Directions for this task: Could you repeat all of the entries word for word, minus any pictures?

Records supplied:
__________________________________________________

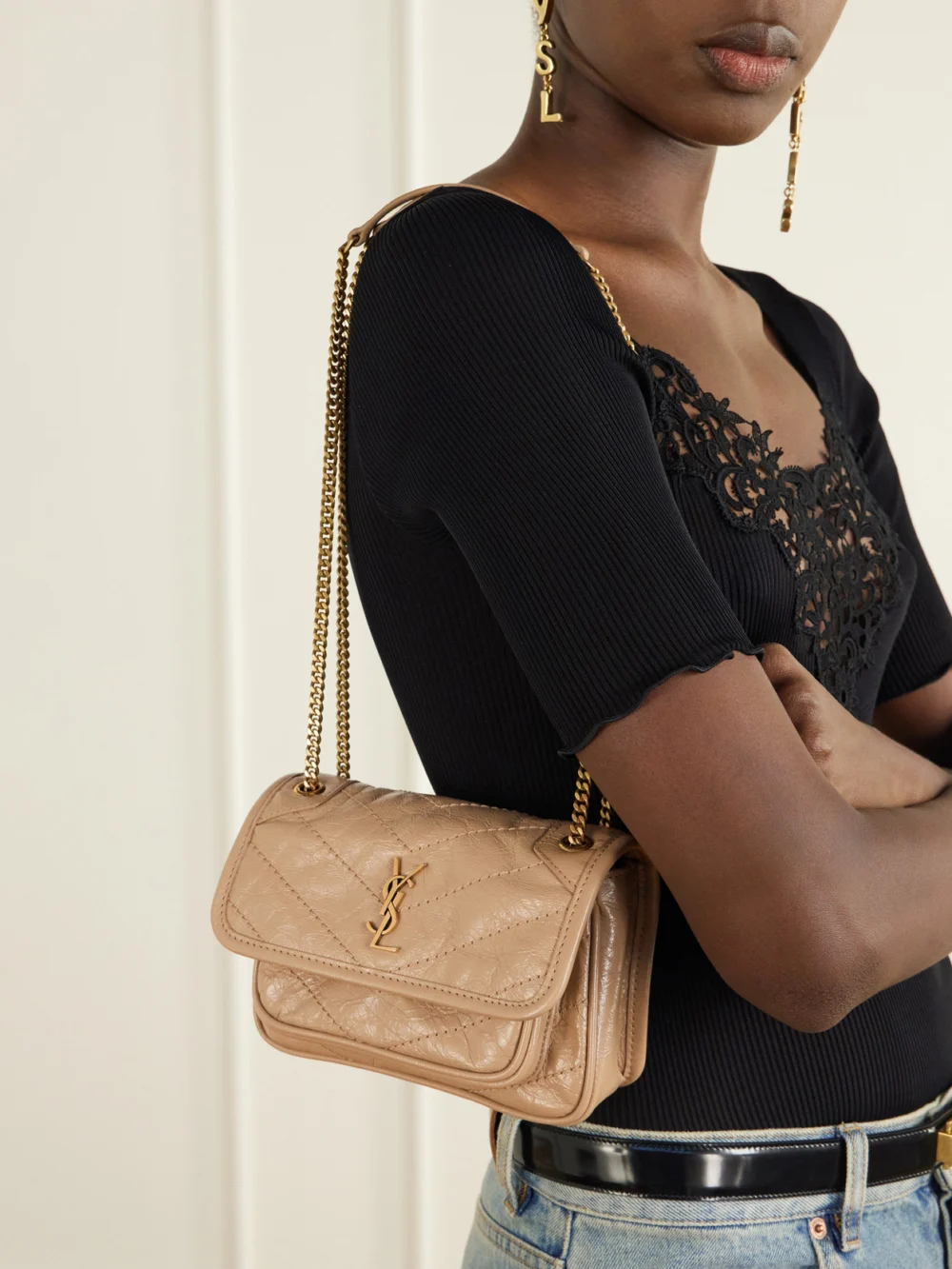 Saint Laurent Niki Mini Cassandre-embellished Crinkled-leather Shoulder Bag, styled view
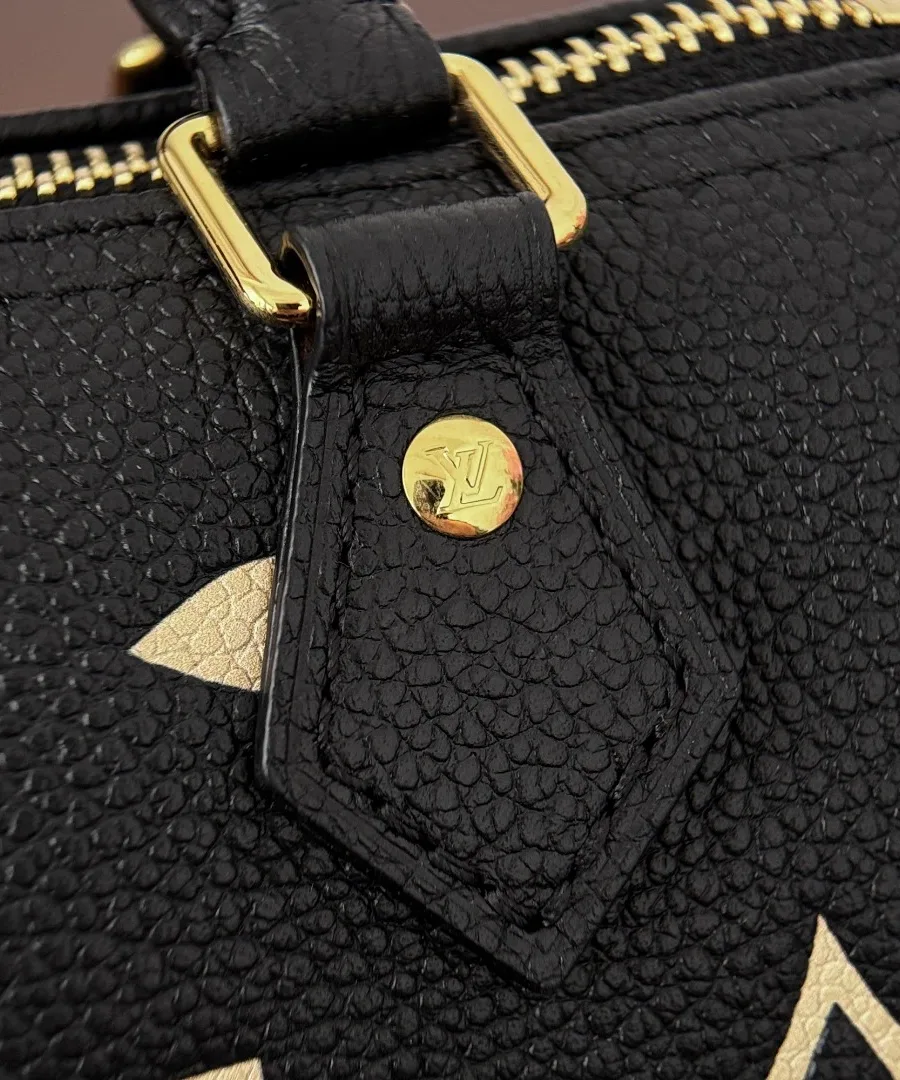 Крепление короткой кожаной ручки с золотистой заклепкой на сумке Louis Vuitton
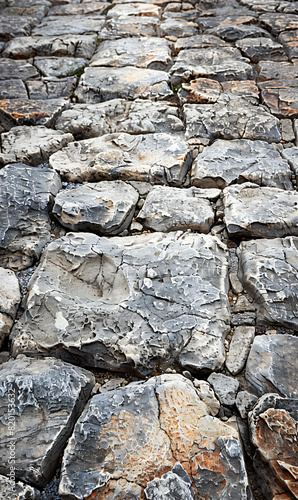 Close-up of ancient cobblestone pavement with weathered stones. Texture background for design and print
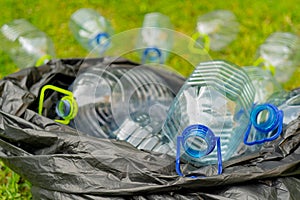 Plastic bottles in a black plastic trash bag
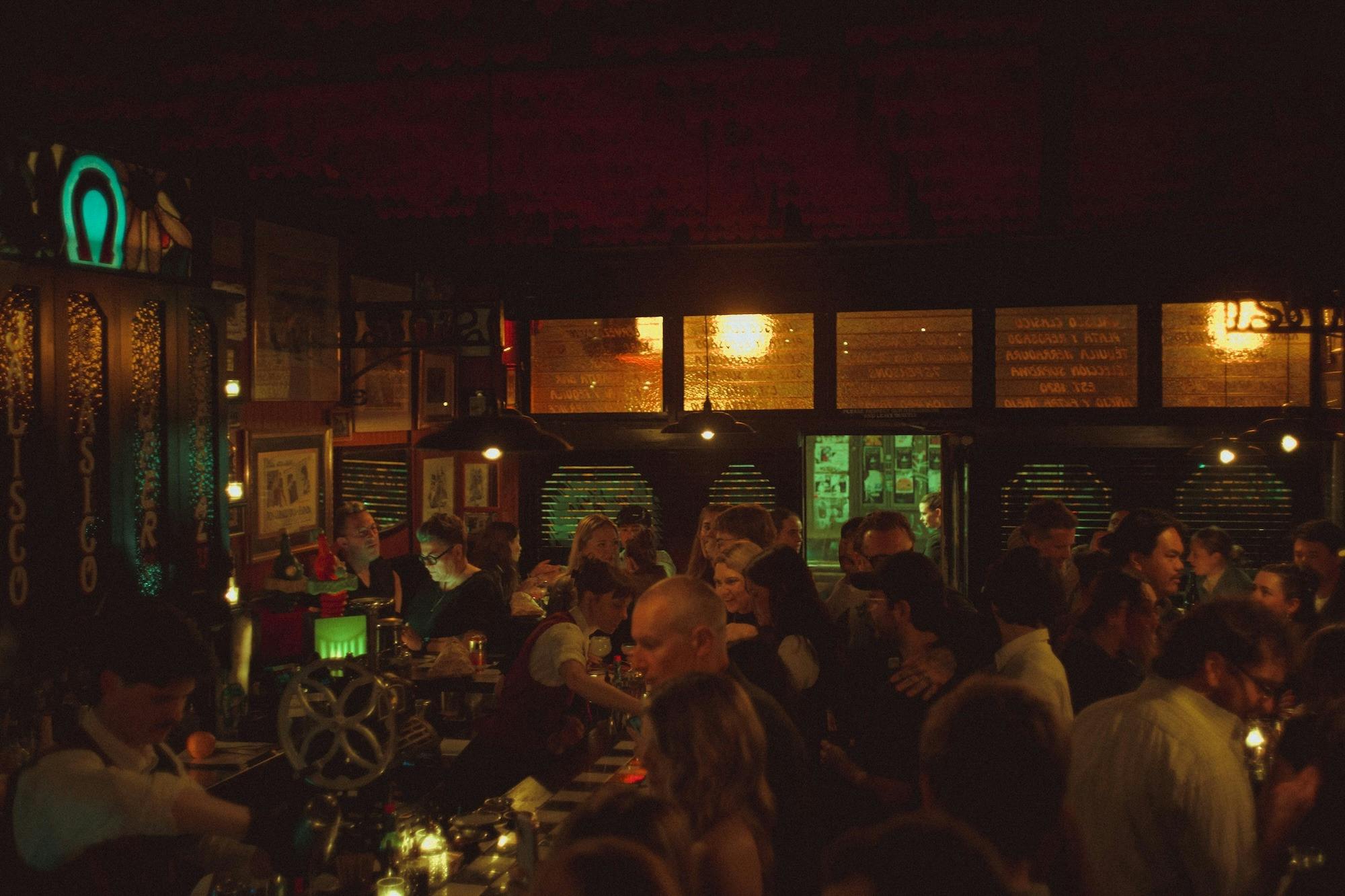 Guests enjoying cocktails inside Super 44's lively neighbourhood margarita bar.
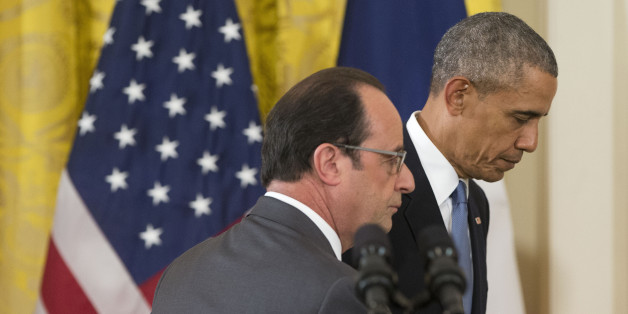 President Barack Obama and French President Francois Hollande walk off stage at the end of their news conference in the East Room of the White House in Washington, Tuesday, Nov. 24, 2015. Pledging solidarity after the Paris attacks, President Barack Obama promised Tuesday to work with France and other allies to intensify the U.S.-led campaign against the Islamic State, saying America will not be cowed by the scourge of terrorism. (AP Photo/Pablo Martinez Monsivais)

__________________________________________________

Output for this task:
 Saint Laurent Niki Mini Cassandre-embellished Crinkled-leather Shoulder Bag, styled view
 Крепление короткой кожаной ручки с золотистой заклепкой на сумке Louis Vuitton
 Close-up of ancient cobblestone pavement with weathered stones. Texture background for design and print
 Plastic bottles in a black plastic trash bag
 Guests enjoying cocktails inside Super 44's lively neighbourhood margarita bar.
 President Barack Obama and French President Francois Hollande walk off stage at the end of their news conference in the East Room of the White House in Washington, Tuesday, Nov. 24, 2015. Pledging solidarity after the Paris attacks, President Barack Obama promised Tuesday to work with France and other allies to intensify the U.S.-led campaign against the Islamic State, saying America will not be cowed by the scourge of terrorism. (AP Photo/Pablo Martinez Monsivais)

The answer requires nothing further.